TASK:
What you need to produce from the material below is an exact transcription of the lines from the one with "Tartan 34 1973" through the one with "Close-up front view", both included, and no other line.

TASK MATERIAL:
•••
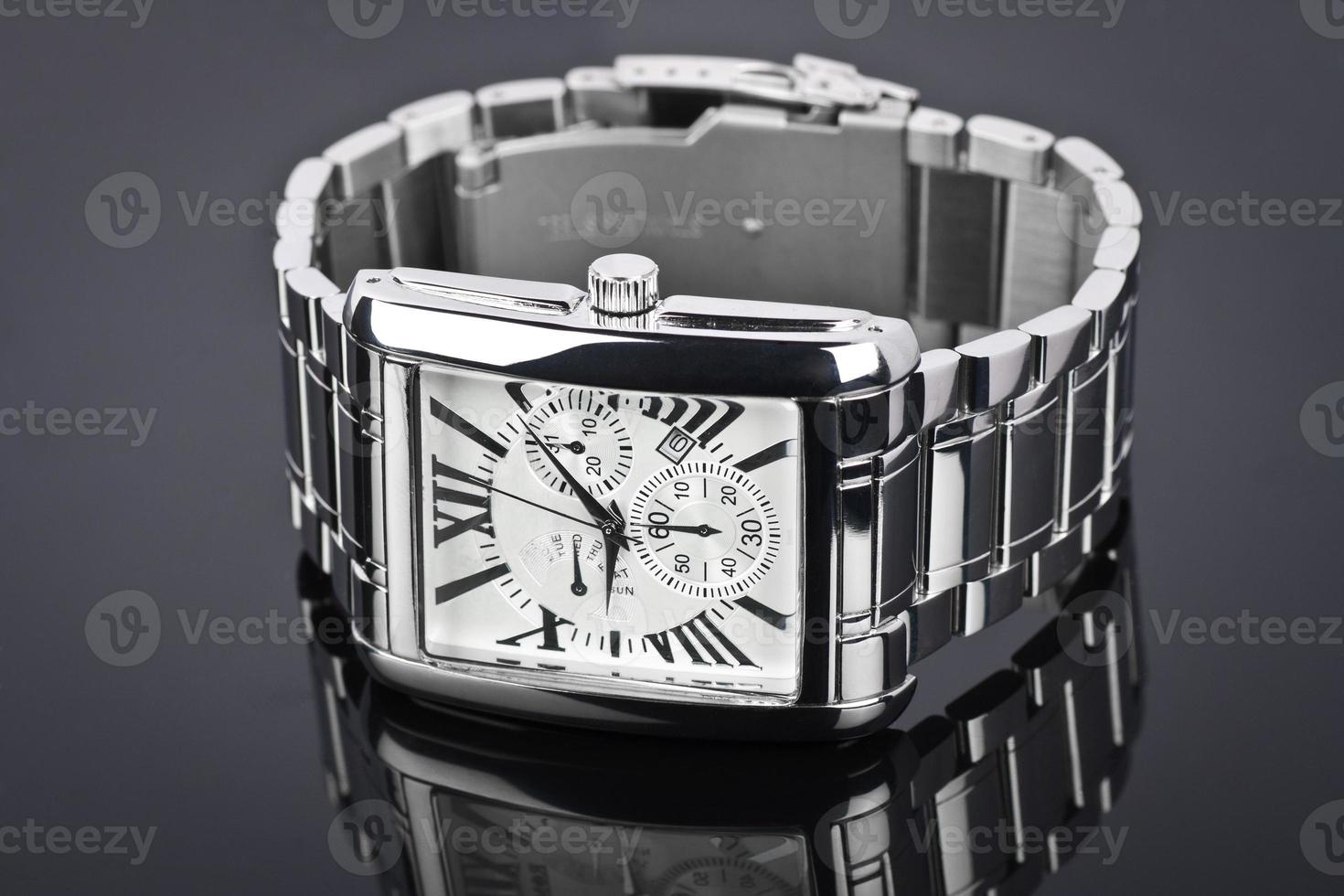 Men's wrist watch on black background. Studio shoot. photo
•••
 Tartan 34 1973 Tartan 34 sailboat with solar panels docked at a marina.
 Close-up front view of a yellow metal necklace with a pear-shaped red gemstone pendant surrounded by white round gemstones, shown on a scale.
•••
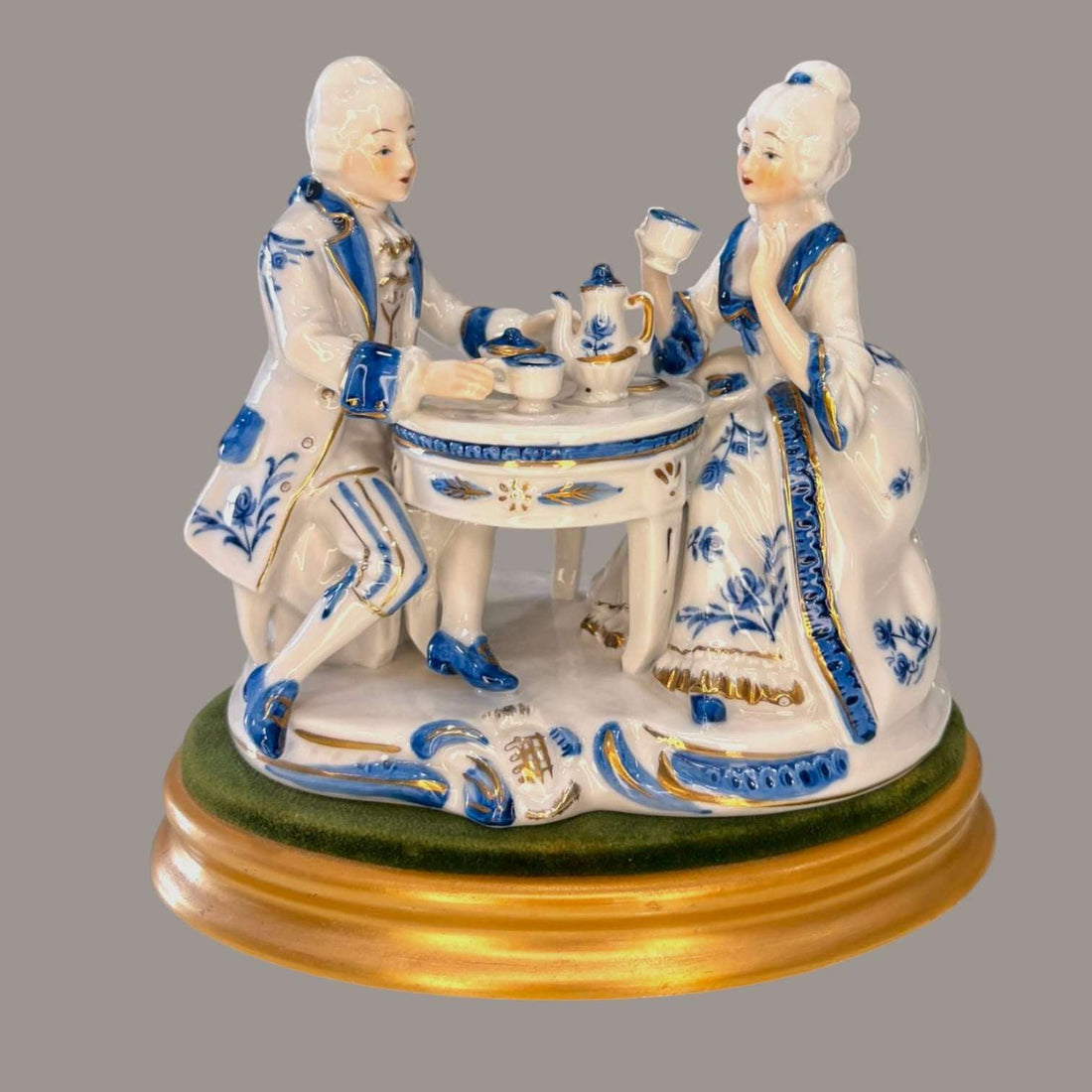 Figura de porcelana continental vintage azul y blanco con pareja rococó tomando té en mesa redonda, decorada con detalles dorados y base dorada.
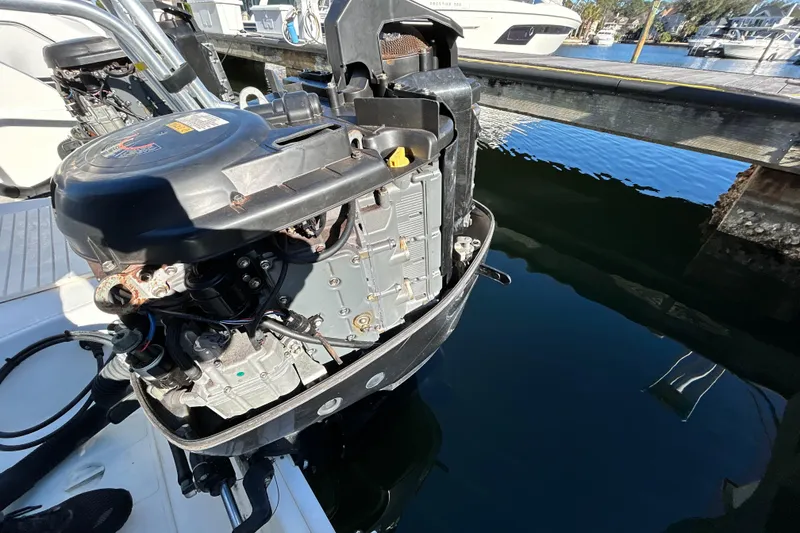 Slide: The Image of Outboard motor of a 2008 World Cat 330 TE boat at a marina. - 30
•••
ANSWER:
 Tartan 34 1973 Tartan 34 sailboat with solar panels docked at a marina.
 Close-up front view of a yellow metal necklace with a pear-shaped red gemstone pendant surrounded by white round gemstones, shown on a scale.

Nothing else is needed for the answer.